Rodney Norris

Fun with Tasks

Recently a friend was working on an extreme version of a word counting exercise in elixir. He did the original exercise with exercism.io and then expanded it to count all the words in a 65k line text file of War and Peace.

He got it working well but it was taking about 119 seconds to process the file. We talked about it and it seemed like a great use case for elixir Tasks. I hadn’t used Tasks much yet, so the next time I had some free time I tried to refactor his solutions to use Tasks and hopefully improve the 119 seconds processing time.

The first thing to do was make sure we could count the words in a single line of text asynchronously. The original code for this was:

def count(string) do
  string
  |> String.strip
  |> String.downcase
  |> String.split
  |> reduce
end

defp reduce(word_list) do
  Enum.reduce word_list, %{}, fn (i, acc) ->
    Dict.update acc, i, 1, &(&1 + 1)
  end
end

Most of this is good, but instead of updating a map locally I moved the word count to a HashDict stored in an Agent. The new count function looks like this

def count_words(line) do
  line
  |> String.strip
  |> String.downcase
  |> String.split
  |> Enum.map(fn word -> WordsAgent.increment_word(word) end)
end

We take the line of text, strip it, downcase it then split it. with the resulting array we make calls to the WordsAgent.increment_word function that will add one to the HashDict value for the word passed

That will work well enough. There are short comings in this code that we can address later if we want the most accurate counts. But for now lets look at how we can use Tasks to run this function concurrently.

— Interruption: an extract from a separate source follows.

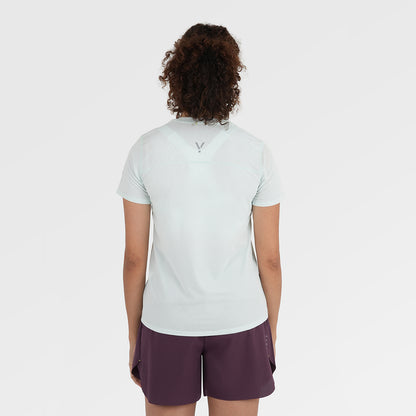 Womens Elpis Core Running Tee (Morning Mist)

def task_counting(line, {outstanding_tasks, tasks}) do
  task_pid = Task.async(fn -> count_words(line) end)
  {outstanding_tasks + 1, [task_pid | tasks]}
end

This is where things get interesting, so this function will create a Task and run the count_words function with the line of text given in the first argument. The second argument is a tuple with the current number of tasks that have been created and a list of the PIDs for those tasks. We use that tuple to add our new task to that list and count.

This function is used by a reduce but there is higher order function to throttle the number of tasks we create at any given time.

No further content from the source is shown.